A severe monk
Pope St Gregory I was born around 540 in Rome to a wealthy family who owned estates in Sicily.
He was well educated and became an expert in law. Following in his father’s footsteps he was appointed prefect of Rome, aged 33.
After his father passed away, Gregory arranged for the family villa in Rome to be converted into a monastery, which stands today as the San Gregorio Magno al Celio.
Gregory became a monk known for his severity. When a dying monk confessed to him on his deathbed that he had stolen three pieces of gold, Gregory ordered that he be left to die alone and that his body be thrown on a dung heap with the gold (though he had a change of heart and instead offered 30 masses for the monk’s soul).
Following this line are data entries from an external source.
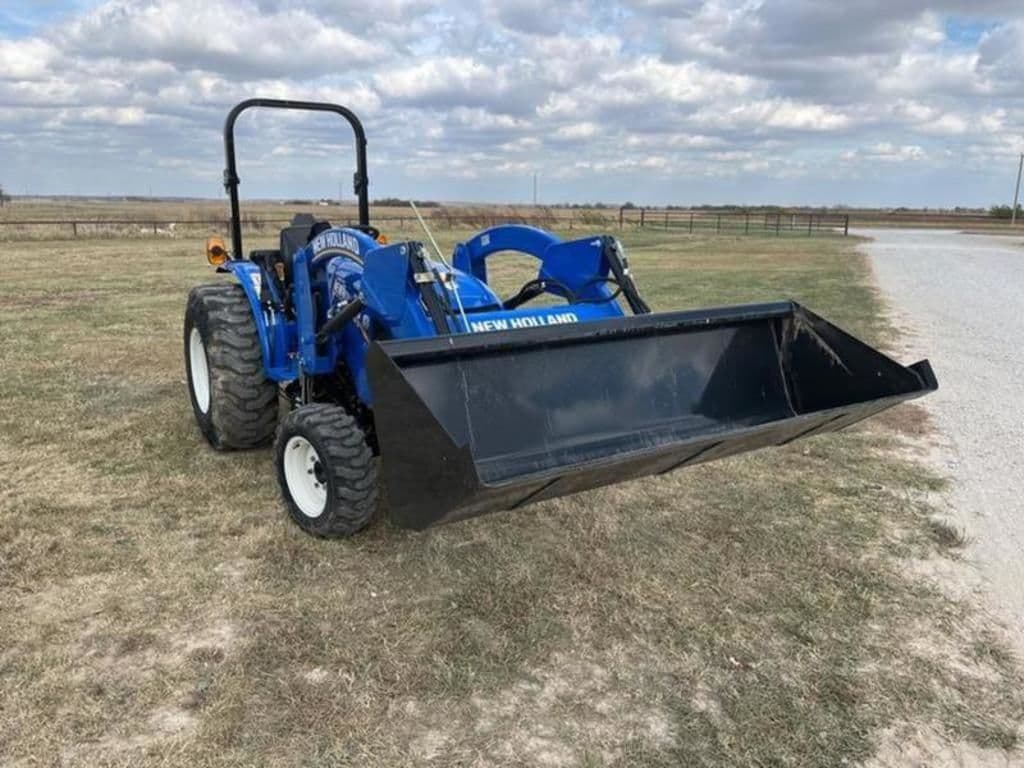 Image of New Holland Workmaster 35 Image 0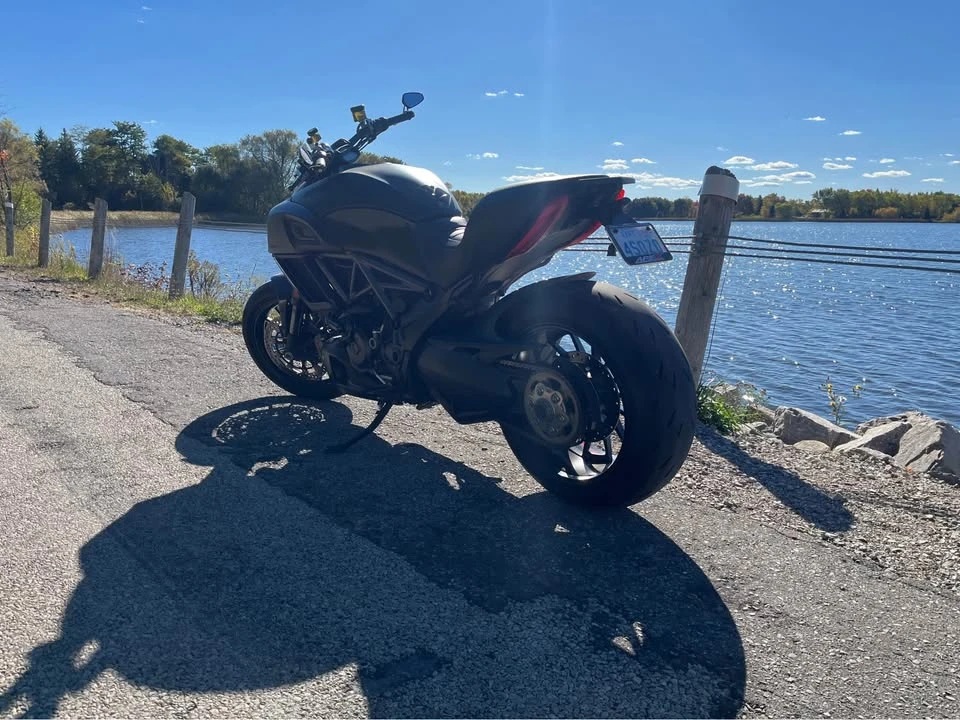 Ducati Diavel CARFAX* АВТОФИНАНСИРАНЕ* БЕЗ ПЪРВОНАЧАЛНА ВНОСКА*  - изображение 5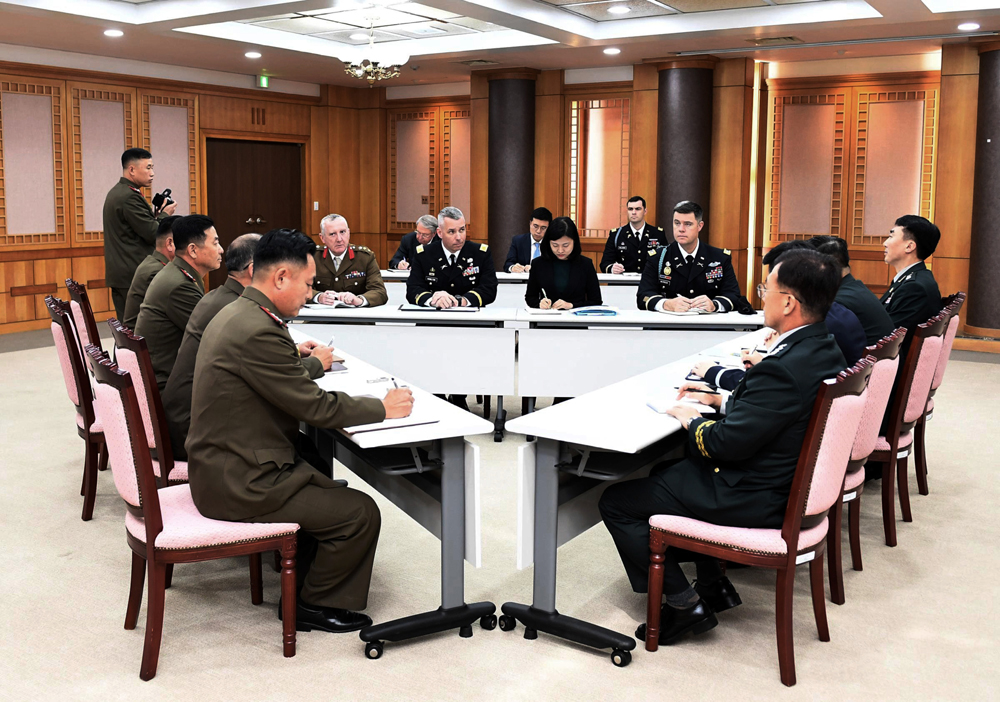 The U.S.-led United Nations Command, center, South Korean and North Korean, left, military officers attend a meeting at the southern side of Panmunjom in the Demilitarized Zone, South Korea, October 16, 2018. [Photo: AP]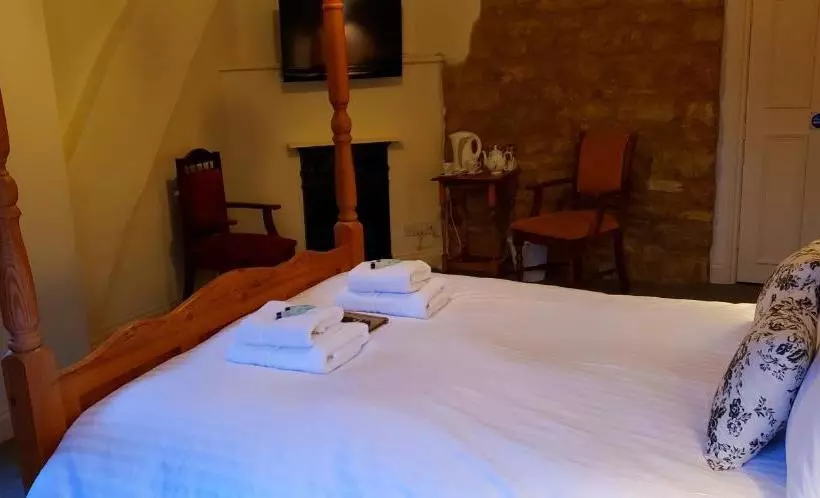 هتل The George Inn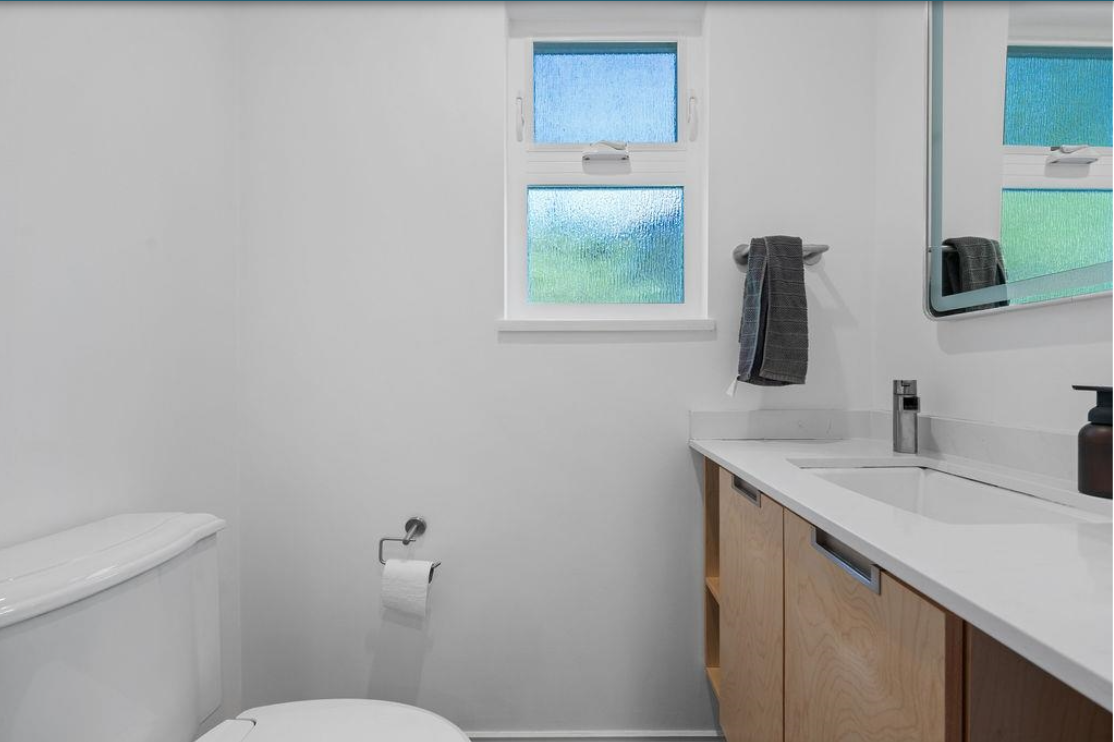 707 East Braemar Road, North Vancouver, BC, V7N 4G1 - 9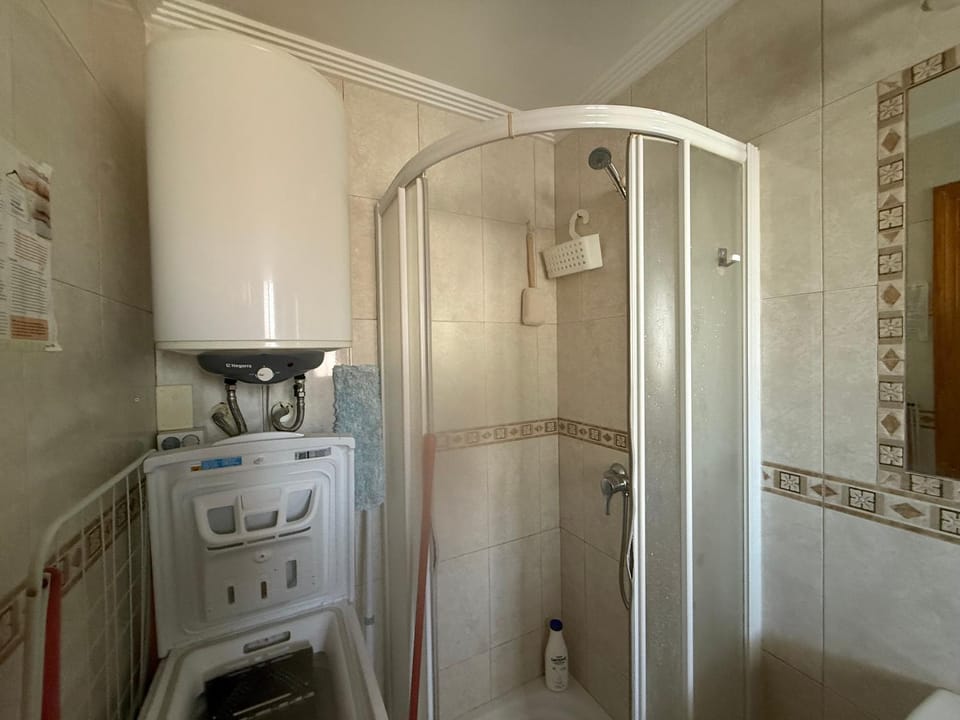 Apartamento en Avenida Mediterráneo con piscina Apartment in Benidorm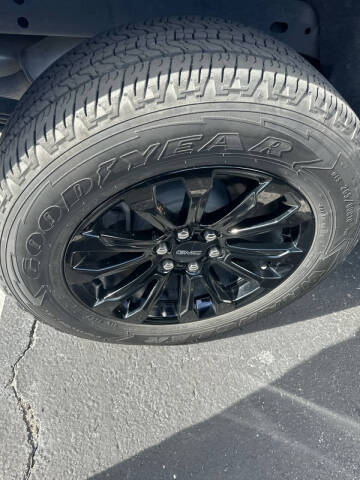 2022 GMC Canyon Elevation Standard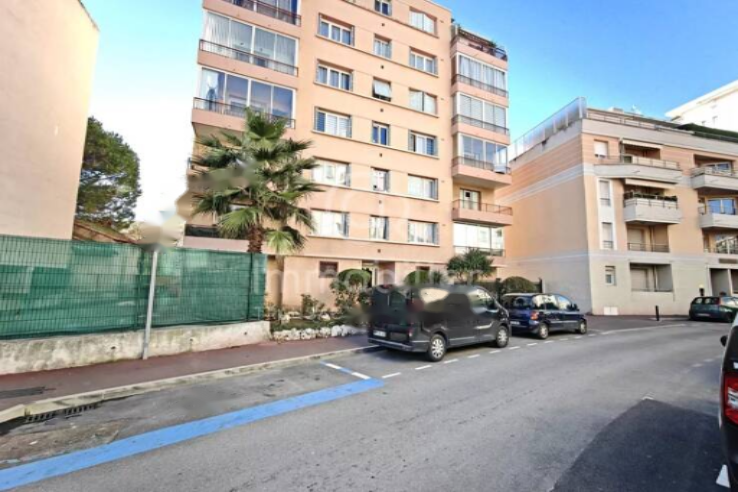 Квартира в Каннах, Франция, 60 м² - фото 1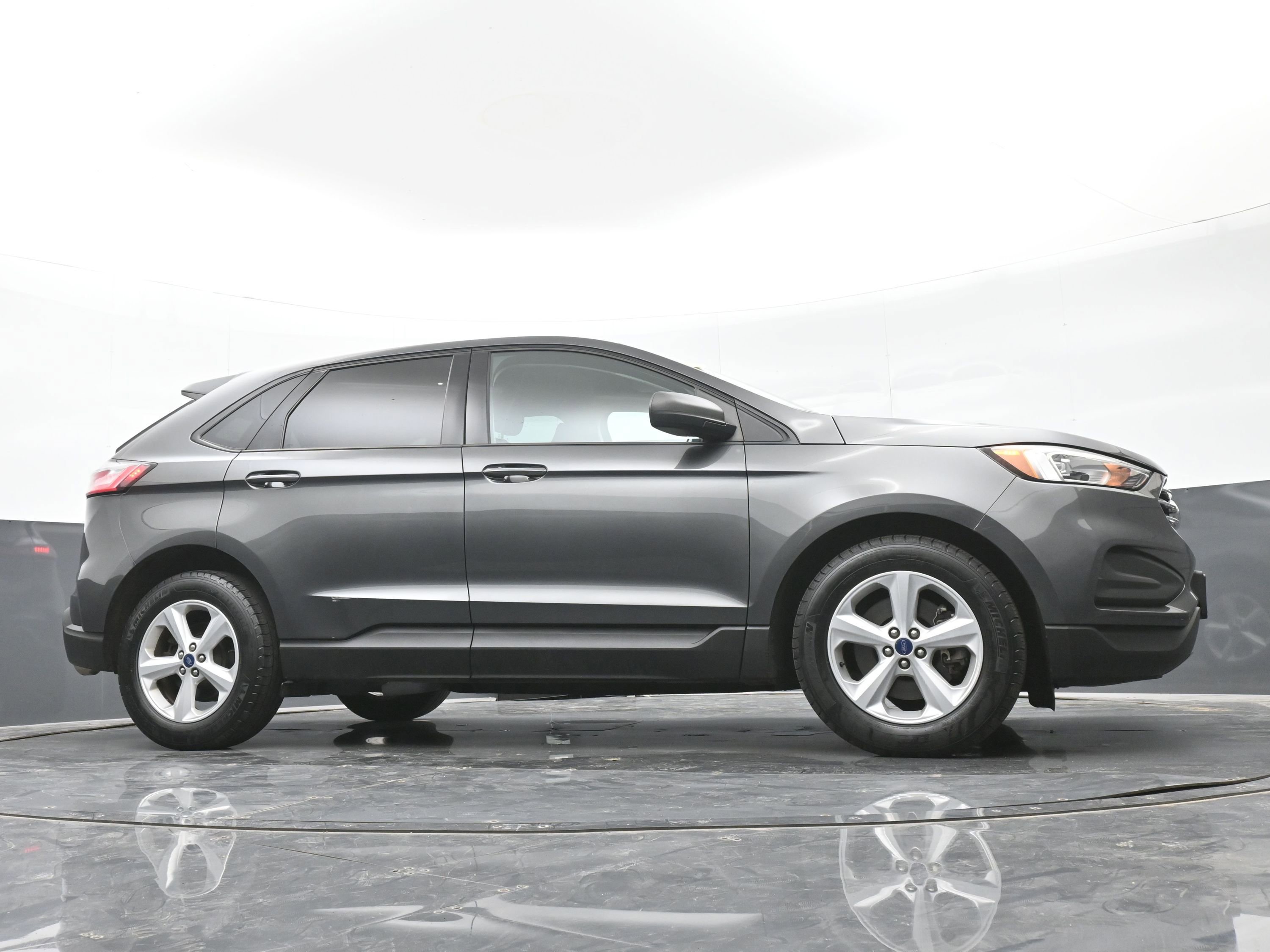 Used 2020 Ford Edge SE AWD/4WD image 40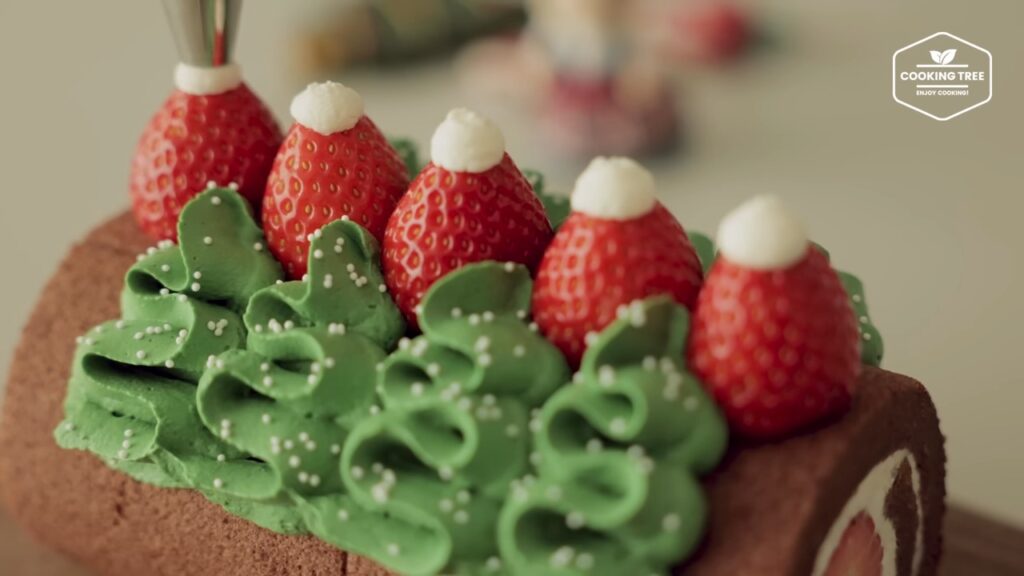 Christmas Strawberry Chocolate Roll Cake Recipe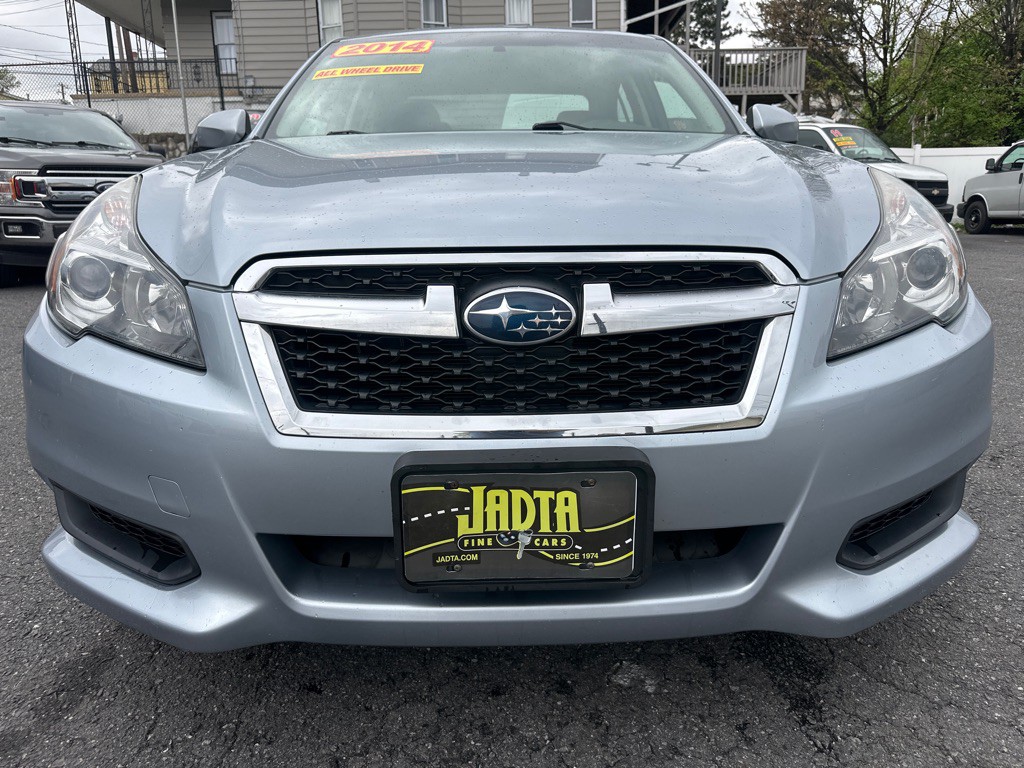 2014 Subaru Legacy Image 12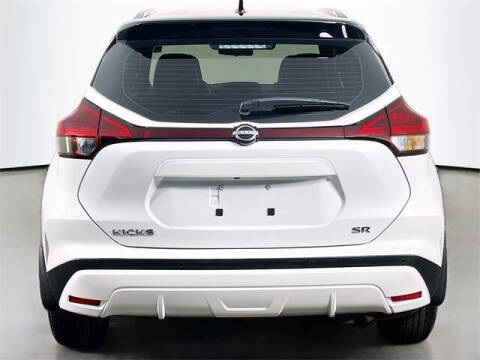 2022 Nissan Kicks SR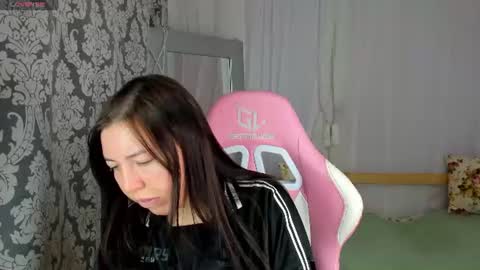Sandra online show from June 18, 1:06 am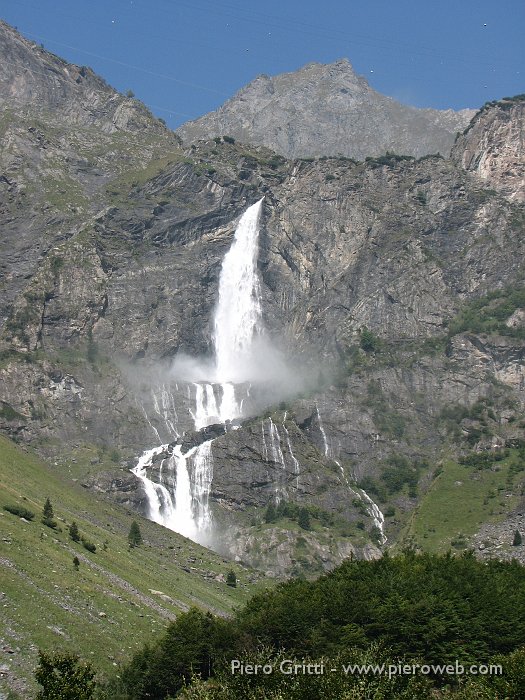 maslnaa-curo 106.jpg - Dal 1969 in poi lo spettacolo delle cascate si poteva vedere una sola volta l'anno nel mese di luglio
Pope Pelagius II, who reigned from 579 to 590, chose Gregory to serve as an ambassador to the imperial court in Constantinople and after his death Gregory was proclaimed pope.
Changes to the Mass
Gregory did not want the burden of office and preferred monastic life. He also put a great emphasis on missionary work: it was he who dispatched St Augustine to Kent in 597 to preach the Word.
Pope Gregory made changes to the Mass including the position of the Our Father. It is also believed that he established cantus planus, known in England as plainchant or Gregorian chant.
When a famine struck in Rome in 590, he ordered the Church to use its assets to feed the poor and he refused to eat until they had been fed.
Pope Gregory died in 604 AD and was immediately declared a saint.